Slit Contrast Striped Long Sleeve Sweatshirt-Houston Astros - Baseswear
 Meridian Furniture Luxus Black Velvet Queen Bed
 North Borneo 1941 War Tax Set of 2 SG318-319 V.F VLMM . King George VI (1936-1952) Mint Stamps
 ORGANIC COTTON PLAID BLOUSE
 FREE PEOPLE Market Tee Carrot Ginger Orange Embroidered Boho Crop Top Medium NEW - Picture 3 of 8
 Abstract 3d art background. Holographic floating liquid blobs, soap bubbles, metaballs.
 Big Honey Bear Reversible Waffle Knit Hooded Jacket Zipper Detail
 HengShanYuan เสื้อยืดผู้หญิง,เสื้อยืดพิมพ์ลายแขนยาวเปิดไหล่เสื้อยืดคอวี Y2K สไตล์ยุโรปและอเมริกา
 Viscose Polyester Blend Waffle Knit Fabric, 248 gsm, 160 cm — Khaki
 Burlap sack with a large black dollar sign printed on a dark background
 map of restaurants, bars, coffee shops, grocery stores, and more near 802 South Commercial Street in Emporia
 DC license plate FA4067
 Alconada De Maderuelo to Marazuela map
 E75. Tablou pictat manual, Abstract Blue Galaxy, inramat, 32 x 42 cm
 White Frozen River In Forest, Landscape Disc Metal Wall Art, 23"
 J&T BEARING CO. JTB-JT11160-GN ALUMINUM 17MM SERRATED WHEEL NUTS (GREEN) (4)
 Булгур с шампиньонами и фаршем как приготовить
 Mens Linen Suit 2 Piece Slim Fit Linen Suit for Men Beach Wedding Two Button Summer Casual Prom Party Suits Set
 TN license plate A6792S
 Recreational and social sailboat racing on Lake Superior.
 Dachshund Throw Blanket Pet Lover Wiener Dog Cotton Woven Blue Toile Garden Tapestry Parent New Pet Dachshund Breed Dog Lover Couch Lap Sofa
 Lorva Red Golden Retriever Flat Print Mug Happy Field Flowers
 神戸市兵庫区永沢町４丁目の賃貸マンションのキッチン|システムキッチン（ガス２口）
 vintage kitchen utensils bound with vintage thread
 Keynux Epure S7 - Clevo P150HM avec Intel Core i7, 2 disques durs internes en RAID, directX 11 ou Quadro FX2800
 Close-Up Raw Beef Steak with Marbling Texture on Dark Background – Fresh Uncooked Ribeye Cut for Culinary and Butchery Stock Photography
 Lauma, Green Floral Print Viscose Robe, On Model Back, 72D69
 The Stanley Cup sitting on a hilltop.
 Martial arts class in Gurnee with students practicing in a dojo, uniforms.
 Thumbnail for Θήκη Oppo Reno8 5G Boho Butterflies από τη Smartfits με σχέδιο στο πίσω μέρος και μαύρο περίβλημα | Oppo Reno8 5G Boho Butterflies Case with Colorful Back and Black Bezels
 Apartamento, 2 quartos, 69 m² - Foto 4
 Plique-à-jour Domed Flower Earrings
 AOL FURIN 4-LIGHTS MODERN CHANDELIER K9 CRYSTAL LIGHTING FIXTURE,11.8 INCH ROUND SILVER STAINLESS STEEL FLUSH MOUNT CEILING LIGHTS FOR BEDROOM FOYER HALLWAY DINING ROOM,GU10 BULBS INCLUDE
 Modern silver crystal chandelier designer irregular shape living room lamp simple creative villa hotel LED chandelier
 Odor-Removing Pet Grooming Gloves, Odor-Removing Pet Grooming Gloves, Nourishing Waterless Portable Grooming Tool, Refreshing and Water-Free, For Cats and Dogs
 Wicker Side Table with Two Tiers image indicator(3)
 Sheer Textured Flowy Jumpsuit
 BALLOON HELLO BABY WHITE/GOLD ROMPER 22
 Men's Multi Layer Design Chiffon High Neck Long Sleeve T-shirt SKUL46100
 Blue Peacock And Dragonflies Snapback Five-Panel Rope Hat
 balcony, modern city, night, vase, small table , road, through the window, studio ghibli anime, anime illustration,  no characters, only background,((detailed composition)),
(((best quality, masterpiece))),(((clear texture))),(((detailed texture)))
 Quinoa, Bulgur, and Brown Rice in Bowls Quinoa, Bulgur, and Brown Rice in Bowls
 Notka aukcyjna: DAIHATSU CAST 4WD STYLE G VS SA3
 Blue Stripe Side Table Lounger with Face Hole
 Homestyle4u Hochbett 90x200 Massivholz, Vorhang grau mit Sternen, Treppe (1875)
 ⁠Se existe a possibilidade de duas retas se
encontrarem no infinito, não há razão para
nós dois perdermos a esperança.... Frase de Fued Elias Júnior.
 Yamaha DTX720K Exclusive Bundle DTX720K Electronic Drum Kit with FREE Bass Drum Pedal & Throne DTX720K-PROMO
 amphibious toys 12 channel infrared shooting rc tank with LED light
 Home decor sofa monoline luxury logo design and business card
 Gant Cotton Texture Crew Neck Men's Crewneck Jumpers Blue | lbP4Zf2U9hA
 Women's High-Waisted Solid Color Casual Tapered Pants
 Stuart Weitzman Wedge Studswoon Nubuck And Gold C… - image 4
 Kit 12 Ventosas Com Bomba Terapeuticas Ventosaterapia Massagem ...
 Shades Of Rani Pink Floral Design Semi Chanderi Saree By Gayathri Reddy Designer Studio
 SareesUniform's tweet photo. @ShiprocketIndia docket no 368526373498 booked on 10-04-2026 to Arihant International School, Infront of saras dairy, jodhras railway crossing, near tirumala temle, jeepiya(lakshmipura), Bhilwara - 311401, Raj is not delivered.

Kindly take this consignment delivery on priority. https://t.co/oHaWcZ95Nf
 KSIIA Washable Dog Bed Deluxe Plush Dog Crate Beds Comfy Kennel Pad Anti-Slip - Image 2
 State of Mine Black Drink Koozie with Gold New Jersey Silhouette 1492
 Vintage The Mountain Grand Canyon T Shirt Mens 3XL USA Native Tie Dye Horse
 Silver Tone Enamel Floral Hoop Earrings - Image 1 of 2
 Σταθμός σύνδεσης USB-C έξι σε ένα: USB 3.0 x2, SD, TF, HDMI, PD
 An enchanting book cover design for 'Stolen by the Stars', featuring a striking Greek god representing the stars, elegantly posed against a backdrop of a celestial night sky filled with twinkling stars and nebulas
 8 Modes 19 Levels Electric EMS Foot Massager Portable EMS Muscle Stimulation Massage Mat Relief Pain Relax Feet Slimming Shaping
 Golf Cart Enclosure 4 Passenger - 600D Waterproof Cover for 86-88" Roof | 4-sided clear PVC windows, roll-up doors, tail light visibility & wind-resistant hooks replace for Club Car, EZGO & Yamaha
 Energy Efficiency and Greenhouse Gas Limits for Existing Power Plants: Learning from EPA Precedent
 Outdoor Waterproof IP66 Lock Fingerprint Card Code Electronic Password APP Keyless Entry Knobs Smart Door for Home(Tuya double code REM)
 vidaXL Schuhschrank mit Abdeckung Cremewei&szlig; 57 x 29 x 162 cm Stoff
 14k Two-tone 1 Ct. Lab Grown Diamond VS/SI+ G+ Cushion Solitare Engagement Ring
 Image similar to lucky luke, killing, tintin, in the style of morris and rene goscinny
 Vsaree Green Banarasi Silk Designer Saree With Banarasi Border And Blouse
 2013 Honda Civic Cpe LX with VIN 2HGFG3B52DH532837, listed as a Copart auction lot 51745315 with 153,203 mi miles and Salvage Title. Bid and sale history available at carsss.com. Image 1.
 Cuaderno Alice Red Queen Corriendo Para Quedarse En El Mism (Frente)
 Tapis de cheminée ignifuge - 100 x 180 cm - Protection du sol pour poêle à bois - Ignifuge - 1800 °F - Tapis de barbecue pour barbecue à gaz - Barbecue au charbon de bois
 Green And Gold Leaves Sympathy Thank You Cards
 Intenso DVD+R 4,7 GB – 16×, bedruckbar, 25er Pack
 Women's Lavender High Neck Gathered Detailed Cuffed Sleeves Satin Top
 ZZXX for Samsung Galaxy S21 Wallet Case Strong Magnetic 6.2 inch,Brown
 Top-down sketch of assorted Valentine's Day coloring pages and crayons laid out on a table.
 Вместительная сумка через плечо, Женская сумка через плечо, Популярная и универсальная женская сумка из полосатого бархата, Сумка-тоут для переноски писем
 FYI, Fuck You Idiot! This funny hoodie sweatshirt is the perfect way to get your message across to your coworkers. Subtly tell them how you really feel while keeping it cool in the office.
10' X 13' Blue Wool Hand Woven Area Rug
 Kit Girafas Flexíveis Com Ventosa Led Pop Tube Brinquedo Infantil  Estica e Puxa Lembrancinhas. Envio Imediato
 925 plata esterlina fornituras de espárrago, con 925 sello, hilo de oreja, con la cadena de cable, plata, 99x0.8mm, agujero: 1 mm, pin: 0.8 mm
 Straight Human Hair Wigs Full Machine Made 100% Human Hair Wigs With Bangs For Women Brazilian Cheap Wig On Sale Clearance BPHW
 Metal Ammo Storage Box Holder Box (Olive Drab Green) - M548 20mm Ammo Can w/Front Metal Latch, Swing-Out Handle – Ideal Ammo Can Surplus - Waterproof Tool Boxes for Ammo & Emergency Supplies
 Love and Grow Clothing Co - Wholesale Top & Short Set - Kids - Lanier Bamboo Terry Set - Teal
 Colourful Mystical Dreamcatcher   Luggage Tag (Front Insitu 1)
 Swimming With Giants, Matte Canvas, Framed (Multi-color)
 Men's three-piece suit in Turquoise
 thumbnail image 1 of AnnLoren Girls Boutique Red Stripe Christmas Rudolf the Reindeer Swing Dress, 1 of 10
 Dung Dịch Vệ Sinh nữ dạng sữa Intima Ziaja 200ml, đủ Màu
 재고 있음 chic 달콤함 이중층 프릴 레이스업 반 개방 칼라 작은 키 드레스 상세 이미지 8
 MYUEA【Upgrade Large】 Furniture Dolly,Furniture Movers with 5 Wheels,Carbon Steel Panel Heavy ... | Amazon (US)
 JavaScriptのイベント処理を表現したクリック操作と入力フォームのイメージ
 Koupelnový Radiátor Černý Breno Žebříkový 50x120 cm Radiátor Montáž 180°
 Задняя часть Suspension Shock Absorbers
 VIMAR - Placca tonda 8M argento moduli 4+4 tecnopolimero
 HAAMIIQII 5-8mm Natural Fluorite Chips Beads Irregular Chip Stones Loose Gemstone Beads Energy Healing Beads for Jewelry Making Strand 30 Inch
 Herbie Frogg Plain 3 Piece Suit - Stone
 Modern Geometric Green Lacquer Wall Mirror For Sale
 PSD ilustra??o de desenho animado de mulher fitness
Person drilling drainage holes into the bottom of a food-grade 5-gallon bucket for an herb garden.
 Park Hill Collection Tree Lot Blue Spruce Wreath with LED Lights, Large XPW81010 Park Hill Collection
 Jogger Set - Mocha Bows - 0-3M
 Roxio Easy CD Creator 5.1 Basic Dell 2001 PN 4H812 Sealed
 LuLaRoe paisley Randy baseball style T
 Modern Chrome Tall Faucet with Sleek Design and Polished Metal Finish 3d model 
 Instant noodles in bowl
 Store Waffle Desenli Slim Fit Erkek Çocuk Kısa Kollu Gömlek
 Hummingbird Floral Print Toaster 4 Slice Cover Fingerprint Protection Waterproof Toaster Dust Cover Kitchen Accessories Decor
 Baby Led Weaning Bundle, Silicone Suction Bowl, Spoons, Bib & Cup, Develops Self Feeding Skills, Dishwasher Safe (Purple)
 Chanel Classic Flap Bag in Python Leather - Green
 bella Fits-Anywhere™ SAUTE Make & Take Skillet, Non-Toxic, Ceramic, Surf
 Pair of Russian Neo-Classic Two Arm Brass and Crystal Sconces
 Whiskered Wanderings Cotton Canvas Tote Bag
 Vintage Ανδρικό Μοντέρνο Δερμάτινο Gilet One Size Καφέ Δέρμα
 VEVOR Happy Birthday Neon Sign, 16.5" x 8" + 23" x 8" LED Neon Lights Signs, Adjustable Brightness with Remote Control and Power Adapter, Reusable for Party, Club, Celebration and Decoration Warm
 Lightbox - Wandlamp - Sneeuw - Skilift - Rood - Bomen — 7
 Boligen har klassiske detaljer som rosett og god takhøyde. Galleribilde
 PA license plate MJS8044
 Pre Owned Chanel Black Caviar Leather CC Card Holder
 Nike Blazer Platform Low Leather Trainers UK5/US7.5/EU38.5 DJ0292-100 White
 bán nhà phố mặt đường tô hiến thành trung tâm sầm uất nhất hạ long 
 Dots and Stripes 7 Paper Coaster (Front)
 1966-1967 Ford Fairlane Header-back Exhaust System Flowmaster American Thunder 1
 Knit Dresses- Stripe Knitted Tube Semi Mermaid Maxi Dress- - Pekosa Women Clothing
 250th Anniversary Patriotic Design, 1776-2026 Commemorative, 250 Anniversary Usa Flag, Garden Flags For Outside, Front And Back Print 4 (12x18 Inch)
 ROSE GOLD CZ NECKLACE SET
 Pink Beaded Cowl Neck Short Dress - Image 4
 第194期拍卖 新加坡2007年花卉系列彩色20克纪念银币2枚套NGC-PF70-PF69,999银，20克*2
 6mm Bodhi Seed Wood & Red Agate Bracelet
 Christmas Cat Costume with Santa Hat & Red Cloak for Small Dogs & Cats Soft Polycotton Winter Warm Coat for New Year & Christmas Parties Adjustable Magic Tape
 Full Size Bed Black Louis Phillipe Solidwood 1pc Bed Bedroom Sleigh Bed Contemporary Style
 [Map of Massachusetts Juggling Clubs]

About this exercise: Only one part of the material above is to be transcribed, namely the lines starting with the line that has "Image similar to" and going on through the line that has "Vsaree Green Banarasi", exactly as they stand.

Task output:
 Image similar to lucky luke, killing, tintin, in the style of morris and rene goscinny
 Vsaree Green Banarasi Silk Designer Saree With Banarasi Border And Blouse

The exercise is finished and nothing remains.